Even though business interruption coverage is one of the most important components of an insured’s property loss insurance program, many companies fail to fully evaluate the benefits and limitations of their policies before a disaster strikes. Not only is it critical that a company have adequate coverage, but they must also ensure that their claim is prepared correctly. Failure to do so can lead to a number of issues.
Mistake #1: Overestimating losses.
Performing a comprehensive analysis of an insured’s business interruption claim requires a careful review of the loss calculation methodologies employed by the claims evaluator. As a result, there is the potential for mistakes to occur in the calculation of business income loss and extra expenses.
A Common mistake in business interruption claims occurs when finished goods insured at selling price are included as part of the BI claim without properly matching the valuation between the inventory and the BI loss calculation (revenue/selling prices versus margin or net BI value).
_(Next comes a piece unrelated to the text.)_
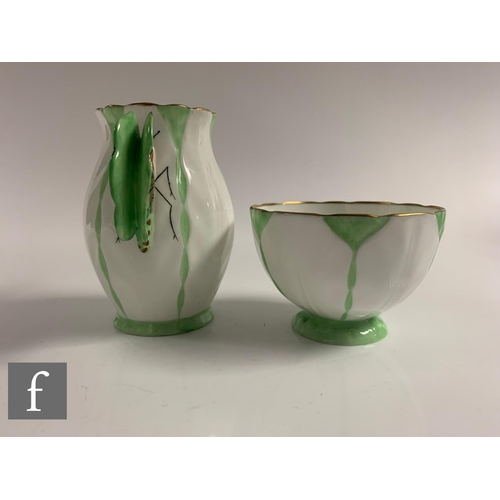 553 - Aynsley - An Art Deco butterfly and leaf moulded coffee set, pattern B1322, the handles modelled as ... 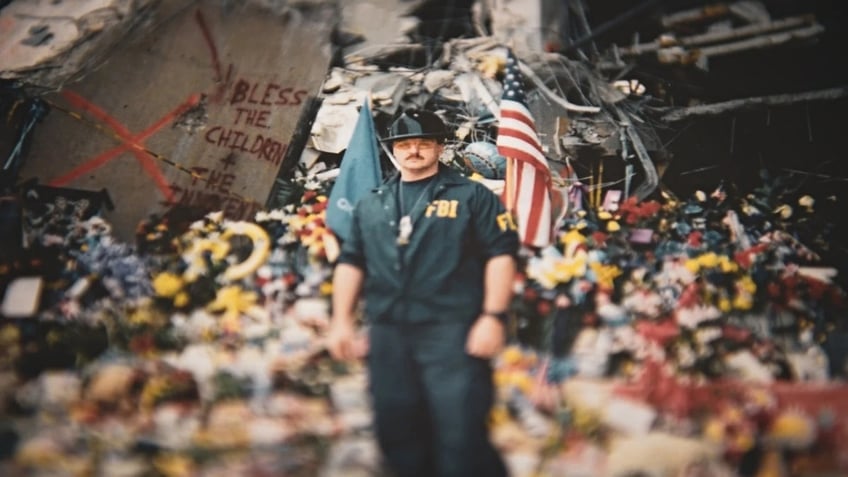 Ret. FBI Agent Barry Black standing at the scene of the Oklahoma City bombing in his FBI uniform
Another frequent error is the failure to recognize that continuing expenses may not necessarily continue during the duration of the BI loss. Depending on the policy form and the method of valuation, this can lead to confusion and conflict in the BI loss calculation.
As the coronavirus crisis continues to disrupt global supply chains and sends customers scurrying for gauze, insurers are engaged in a scramble to assess losses related to their property, business interruption, and extra expense policies. To help ensure that the insured is properly compensated, many insurers seek the services of external forensic accountants to perform a detailed analysis of these complex engagements.